Work request – Only one span is wanted from the lines below: from the one with "Звънец Блок за" up to and including the one with "Apartment Marancin". Copy it exactly, without images.

Data for processing –
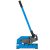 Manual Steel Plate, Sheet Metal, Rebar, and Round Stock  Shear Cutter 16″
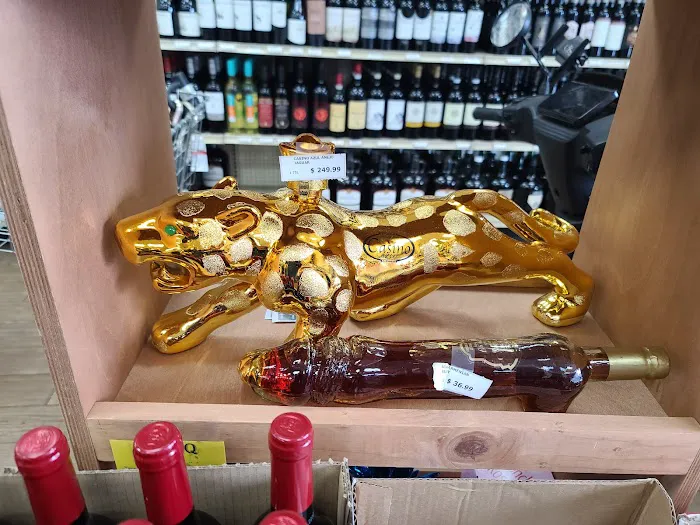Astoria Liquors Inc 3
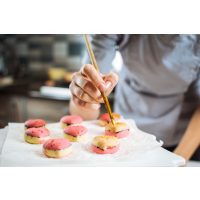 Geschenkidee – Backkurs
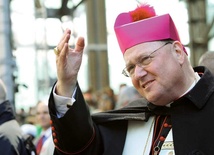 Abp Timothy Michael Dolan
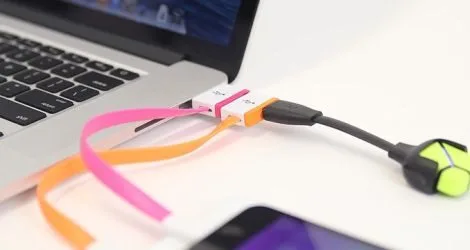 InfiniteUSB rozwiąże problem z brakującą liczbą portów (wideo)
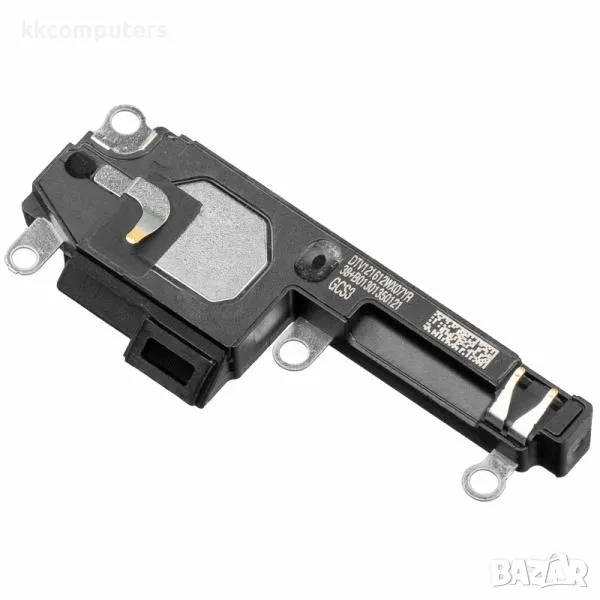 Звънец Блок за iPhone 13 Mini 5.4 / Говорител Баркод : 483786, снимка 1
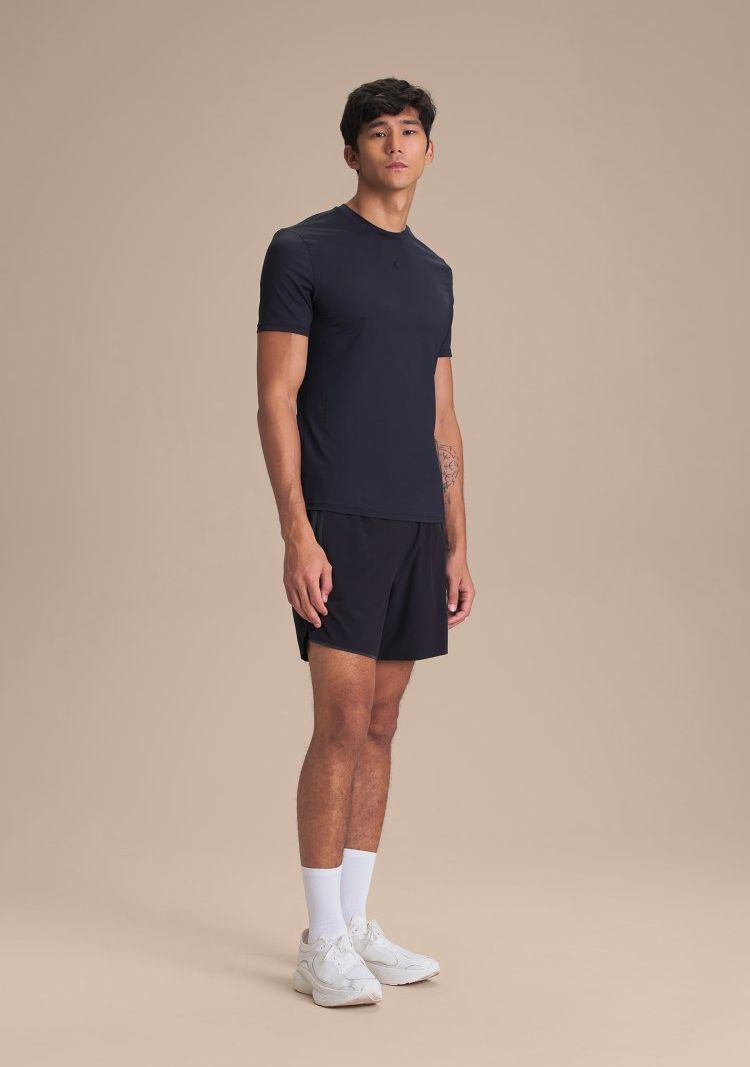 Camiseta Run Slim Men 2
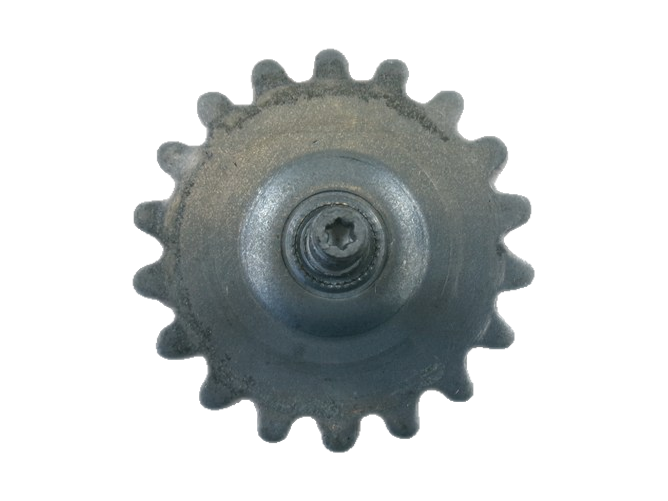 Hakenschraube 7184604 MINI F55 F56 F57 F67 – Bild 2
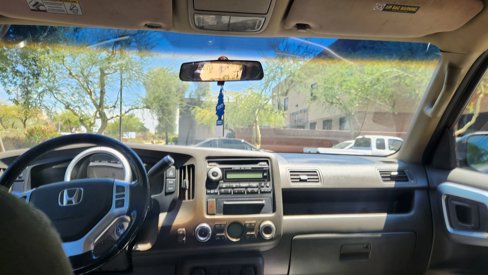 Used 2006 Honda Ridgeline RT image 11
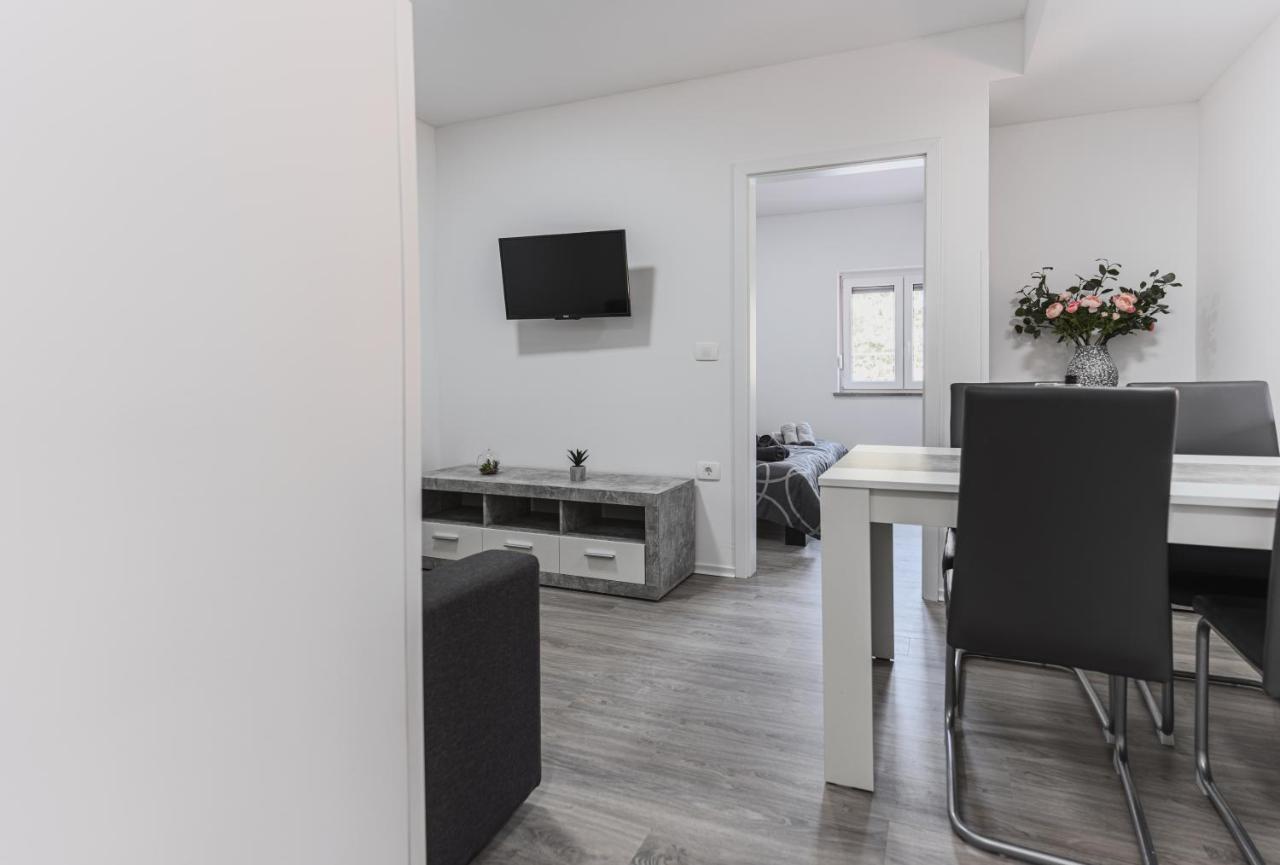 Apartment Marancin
...
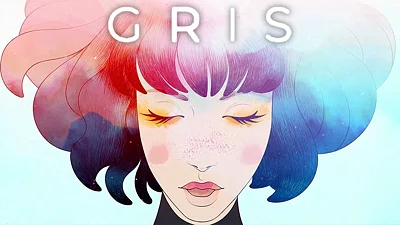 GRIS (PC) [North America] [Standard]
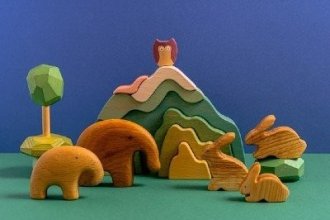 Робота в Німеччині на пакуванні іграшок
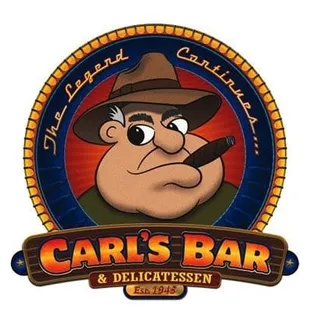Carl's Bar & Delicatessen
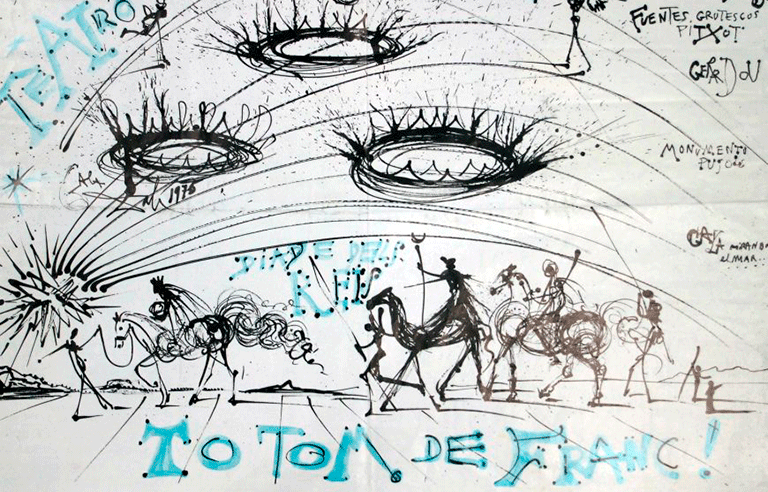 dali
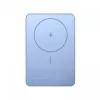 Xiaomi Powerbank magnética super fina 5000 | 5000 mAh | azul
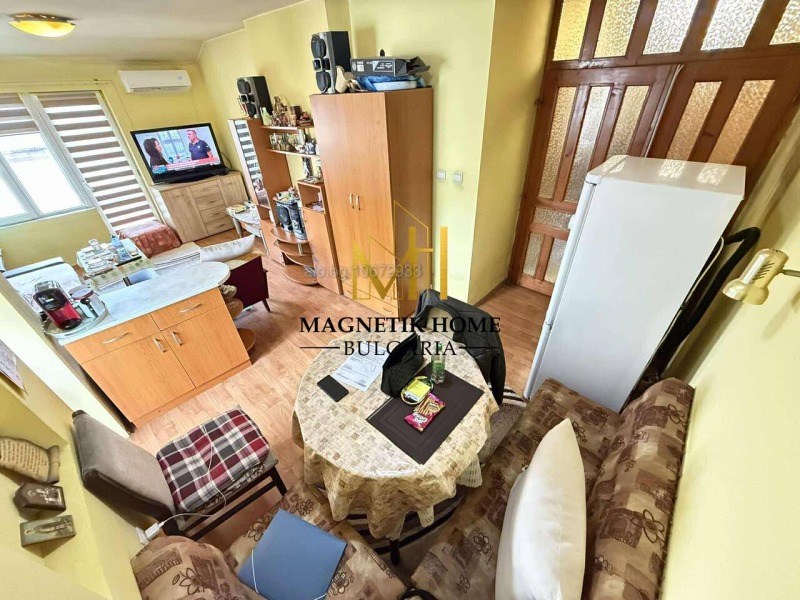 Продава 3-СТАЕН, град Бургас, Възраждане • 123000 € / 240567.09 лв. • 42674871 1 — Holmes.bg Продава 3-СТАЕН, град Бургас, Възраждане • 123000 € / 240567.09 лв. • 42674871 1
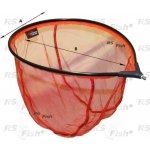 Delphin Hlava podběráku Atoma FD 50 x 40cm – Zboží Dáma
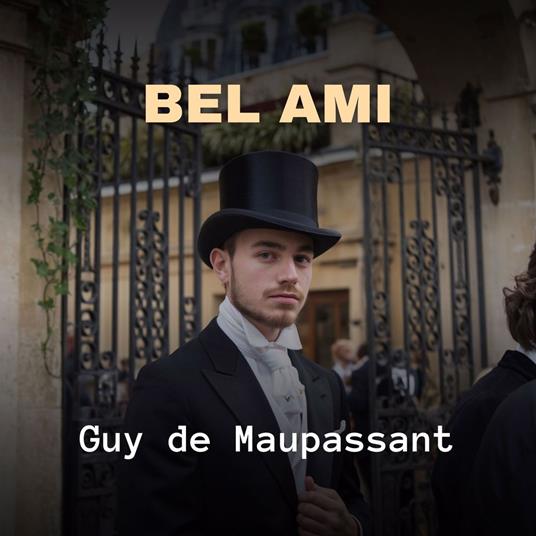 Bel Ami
* * *
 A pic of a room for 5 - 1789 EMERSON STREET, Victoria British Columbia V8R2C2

Task solution –
 Звънец Блок за iPhone 13 Mini 5.4 / Говорител Баркод : 483786, снимка 1
 Camiseta Run Slim Men 2
 Hakenschraube 7184604 MINI F55 F56 F57 F67 – Bild 2
 Used 2006 Honda Ridgeline RT image 11
 Apartment Marancin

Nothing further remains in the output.